Office Depot also posted weak results last year -- indeed, it broke even on a full-year basis. However, Office Depot investors can look forward to the benefits of its merger with OfficeMax in the next few years. By the end of 2016, Office Depot expects to generate annual synergies of at least $675 million, which will dramatically boost the company's earnings power.
Meanwhile, in response to the trend of stagnant to declining sales and falling earnings, Staples rolled out plans to shrink its retail footprint. First, it will close up to 225 stores by the end of 2015. Second, Staples announced that it would downsize most of its stores over time to a 12,000-square-foot floor plan. (For comparison, a typical Staples store today is 25,000 square feet.)
The smaller stores are much cheaper to operate but generate nearly the same sales volume as Staples' 25,000-square-foot stores. This plan seemed very promising in its potential to boost EPS -- so much so that I recommended Staples stock back in March.
Not much progress yet
Unfortunately, Staples hasn't gotten very far in its turnaround yet.
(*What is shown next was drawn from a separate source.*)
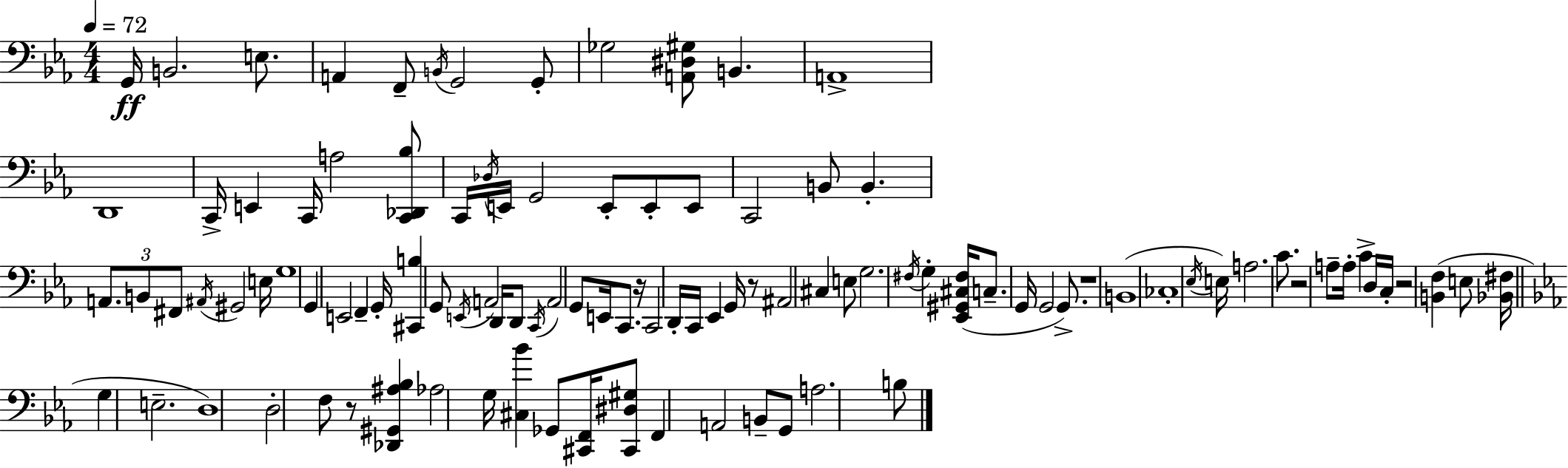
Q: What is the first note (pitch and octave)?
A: G2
In Q1, adjusted EPS declined sharply once again, falling from $0.26 to $0.18. Staples also projected further declines in sales and earnings for Q2.
Most disturbingly, while Staples' store closures are proceeding at a good pace, the company did not make much progress on its downsizing initiative. Staples is having trouble convincing its landlords to reconfigure their properties in order to shrink the Staples "boxes." As a result, Staples expects to downsize just 25 stores to the smaller format this year.
Looking for a sense of urgency
The problem with Staples stock is thus fairly straightforward. Revenue trends are unfavorable, and show no signs of reversing. Staples does have a fairly credible plan to cut its costs -- but it is not moving very quickly toward implementing that plan. As a result, it's hard to know whether Staples' earnings are close to a bottom or whether they will continue to fall.
By contrast, Office Depot is in the midst of rapidly delivering synergies from its merger with OfficeMax. New Chief Executive Officer Roland Smith has already implemented massive job cuts at the corporate headquarters, including cutting half of the senior management roster. The company is also closing about 20% of its North American stores in just 30 months.
Investors are rewarding Office Depot for its decisive turnaround-related actions. For Staples stock to recover, Staples management will also have to become more aggressive. If the cost cuts can be accelerated, then Staples should be able to return to earnings growth even if sales remain weak. On the flip side, if there is no visible progress on cost cuts, Staples stock will continue to struggle in the second half of 2014.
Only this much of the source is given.